GIVEN DATA -
= = = =
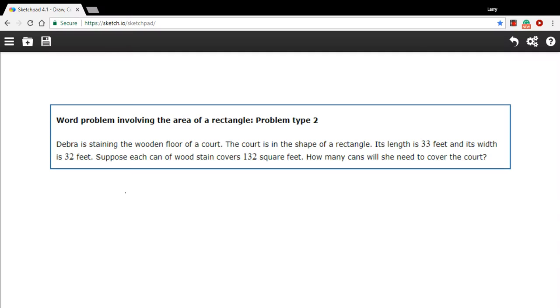Here we have a word problem that has to do with the area of a rectangle. Let's read through it first. It says Deborah is staining the wooden floor of a court. The court is in the shape of a rectangle. Its length is 33 feet and its width is 32 feet.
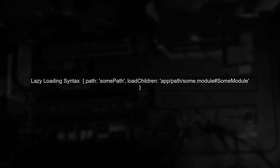To lazy load an external module from node modules, we need to adjust our routing configuration. First, let's understand the syntax for lazy loading.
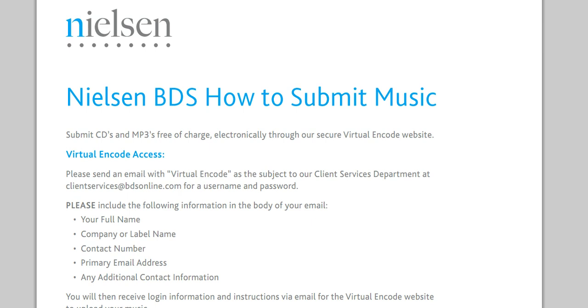And at that point they actually make sure that you get paid. The BDS registered stations, a lot of them are like your local FM radio stations, and then sometimes you have the online radio stations that are also registered on Nielsen BDS. Every time your music is played it gets tracked and that's how you get paid.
= = = =
REQUIRED ACTION - Could you copy the data above exactly, leaving the pictures out?

SOLUTION FOR THIS TASK -
Here we have a word problem that has to do with the area of a rectangle. Let's read through it first. It says Deborah is staining the wooden floor of a court. The court is in the shape of a rectangle. Its length is 33 feet and its width is 32 feet.
To lazy load an external module from node modules, we need to adjust our routing configuration. First, let's understand the syntax for lazy loading.
And at that point they actually make sure that you get paid. The BDS registered stations, a lot of them are like your local FM radio stations, and then sometimes you have the online radio stations that are also registered on Nielsen BDS. Every time your music is played it gets tracked and that's how you get paid.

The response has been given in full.